By the time many people graduate from undergraduate studies, they are already very familiar with matrix operations, gradient descent, and probability modeling. So when they enter research, they don't need to "make up for lost lessons" and can directly engage in algorithm innovation and implementation.

In addition, the characteristics of RL are that the results are quantifiable and the indicators are clear: reward curves, convergence speed, and test scores can all show improvements at a glance. Such a research model is particularly in line with the Chinese people's habits of being pragmatic, efficient, and pursuing certainty.

This is why the Chinese have a particularly strong presence in the field of RL.

In the RL papers of NeurIPS 2020, 30% of the first authors are of Chinese descent; in Google's RL team, one - quarter to one - third graduated from Chinese universities; in the xAI team, Zhang Guodong, Yang Ge, Jimmy Ba and others have all left achievements in top - tier RL research.

To some extent, reinforcement learning is the "natural home field" of Chinese engineers. And the rise of DeepSeek - R1 at the beginning of this year is more like a clear indication that this advantage is bearing fruit.

There is no mystery behind it. China has a large educated population, long - term mathematical and physical training from childhood to adulthood, long - term national investment in scientific research, and a motivation deeply rooted in culture - the belief that technology can transform the world.

It is these factors that together support a huge "talent pipeline", continuously sending doctoral - level researchers to top - tier universities and AI labs in the United States.

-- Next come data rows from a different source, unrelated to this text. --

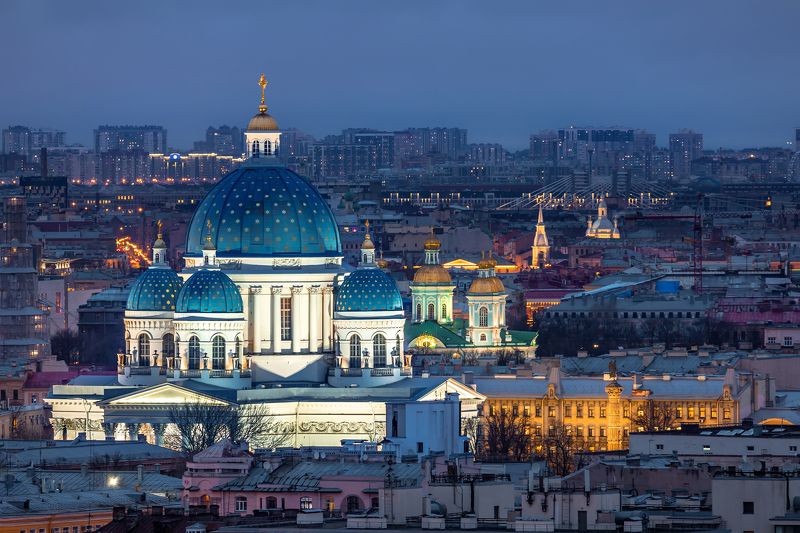 санкт-петербург, вечер, троицкий собор, город, питер, спб Троицкий собор вечером фото превью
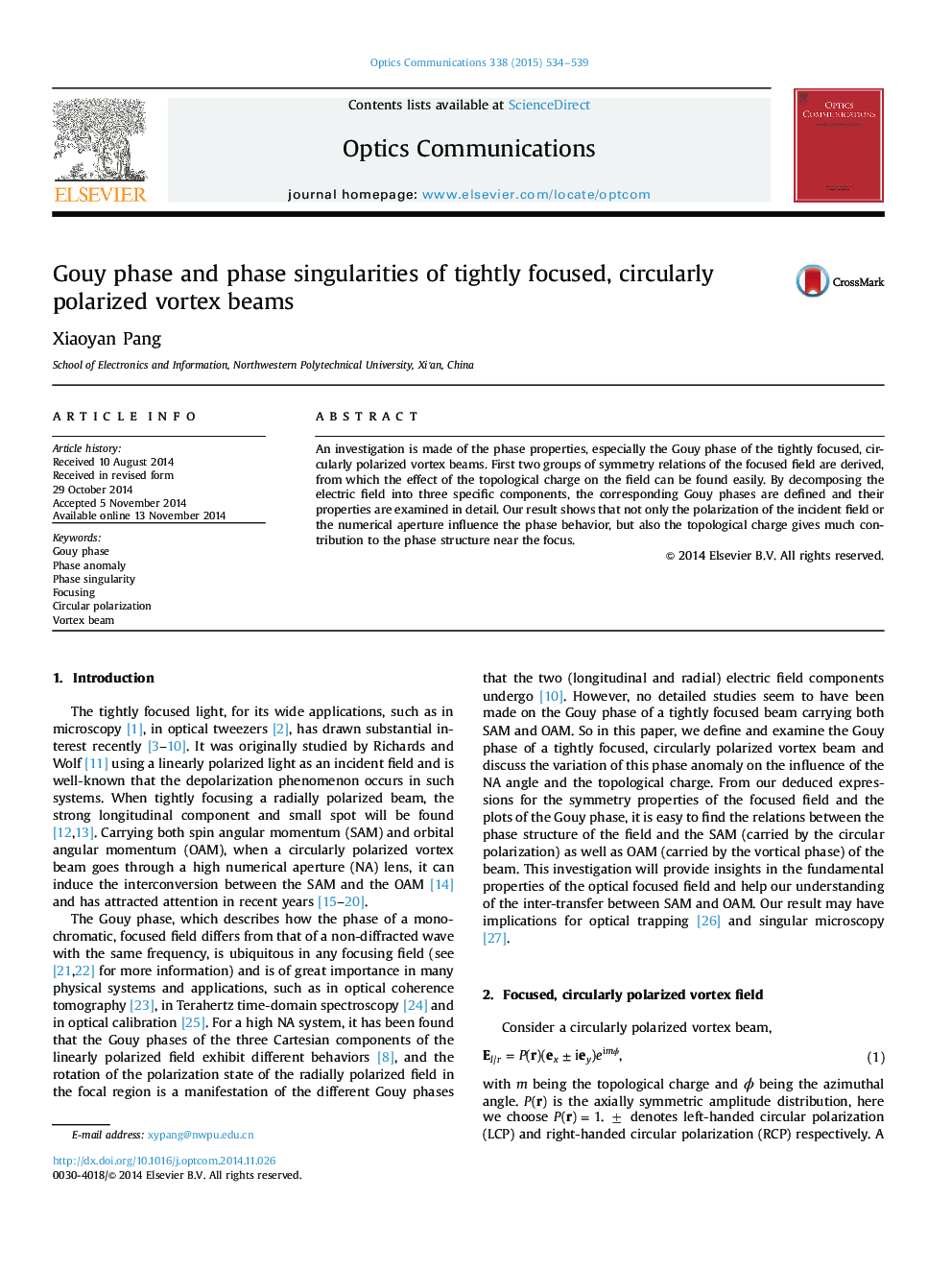 Gouy phase and phase singularities of tightly focused, circularly polarized vortex beams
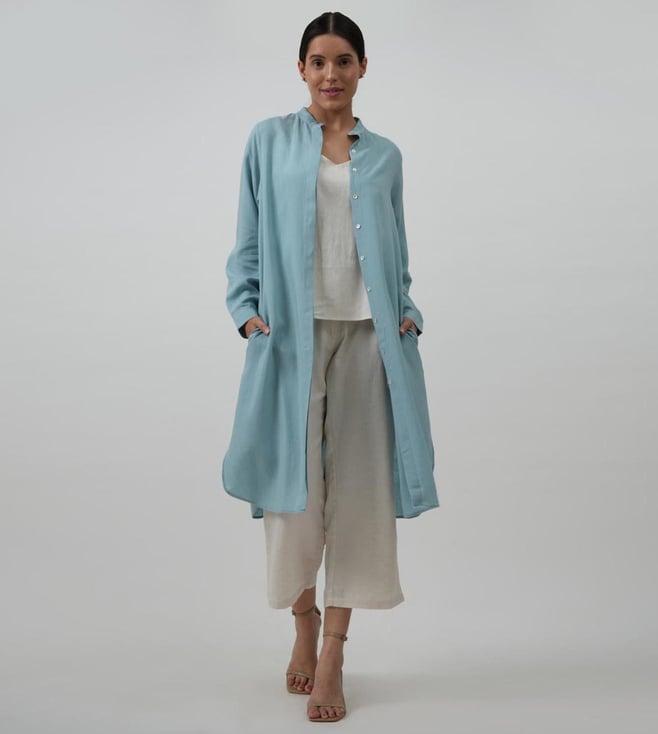 saltpetre elegant blue long shirt in linen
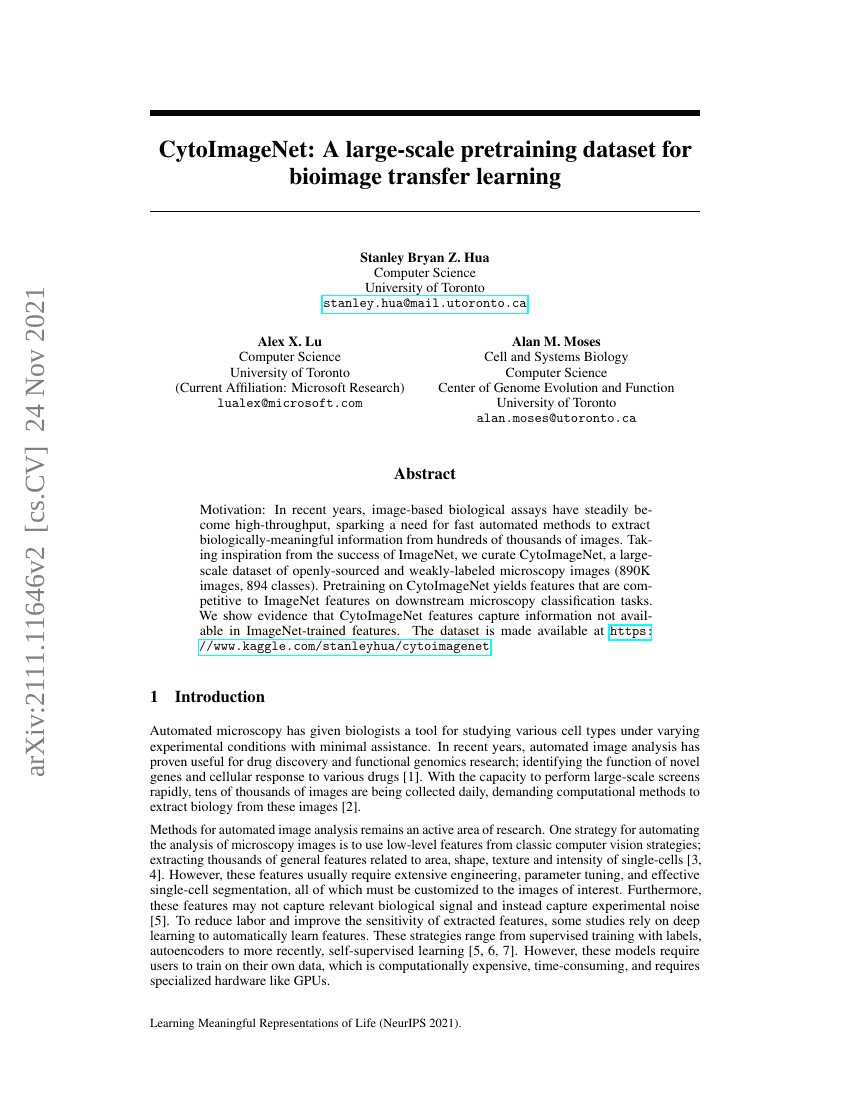 CytoImageNet:用于生物图像迁移学习的大规模预训练数据集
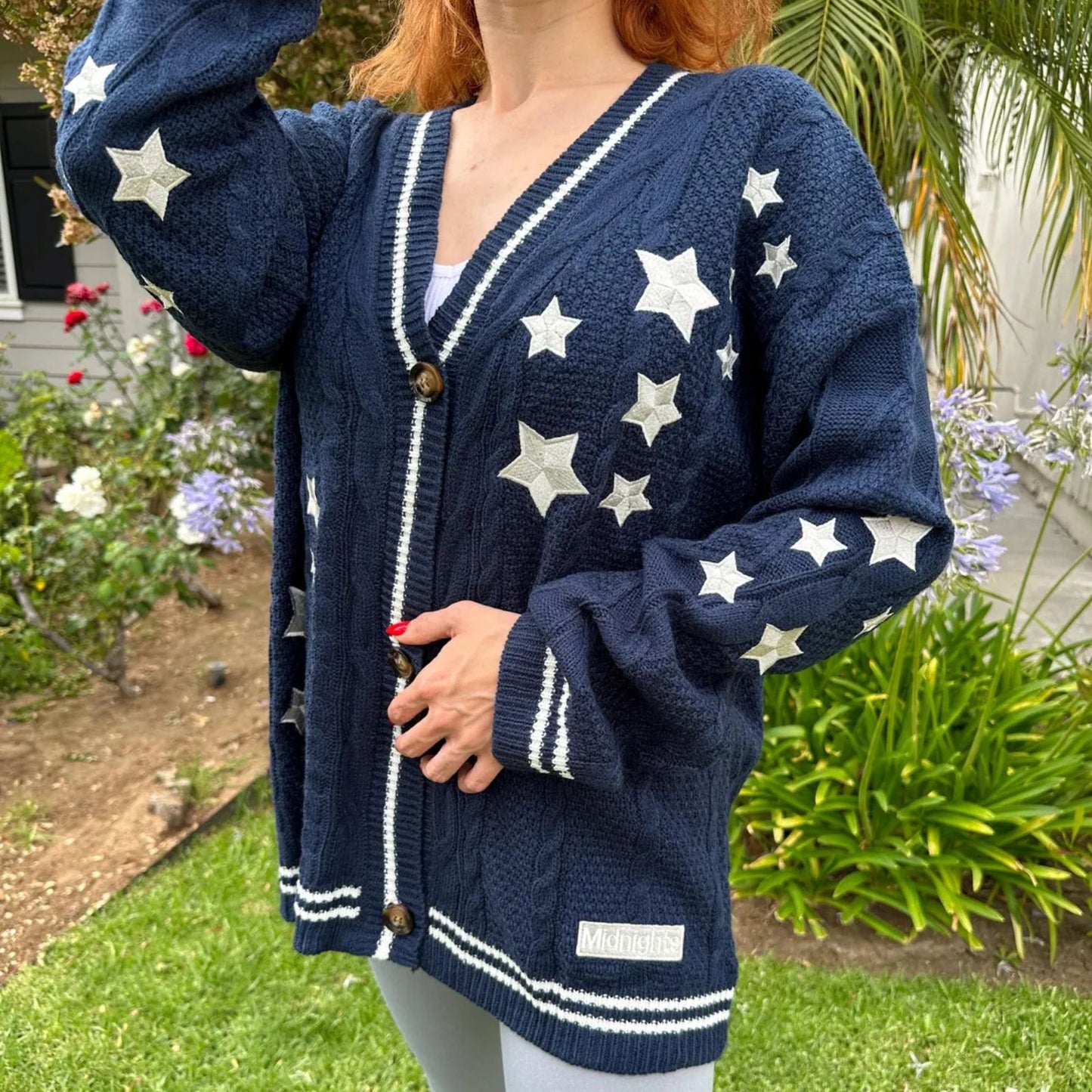 Taylor Swift Midnights Album Cardigan Star Embroidered- Oversized Folklore Navy Blue Cozy Sweater – Cable Knit Button Up – Hand Knitted Style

In the era of large models, Silicon Valley still needs a few "Da Vinci - like geniuses" who can invent new paradigms, but at present, it needs a large number of engineering scientists who can refine algorithms to the extreme. China's education and talent system just shows strong "hematopoietic ability" at this moment, providing a stable and solid scientific research foundation.

The competition in AI has never been a sprint on a single technological curve, but a long - term game of talent pipelines, education systems, and cultural mindsets.

When the most cutting - edge labs in Silicon Valley are full of Chinese faces, this is not only a talent phenomenon but also a civilization phenomenon. The future of AGI is not just a competition between companies, but a global civilization competition in talent allocation.

And in this competition, the Chinese have already stood in the center of the stage.

This article is from the WeChat public account "Crow Intelligence Talk", author: Smart Crow. Republished by 36Kr with authorization.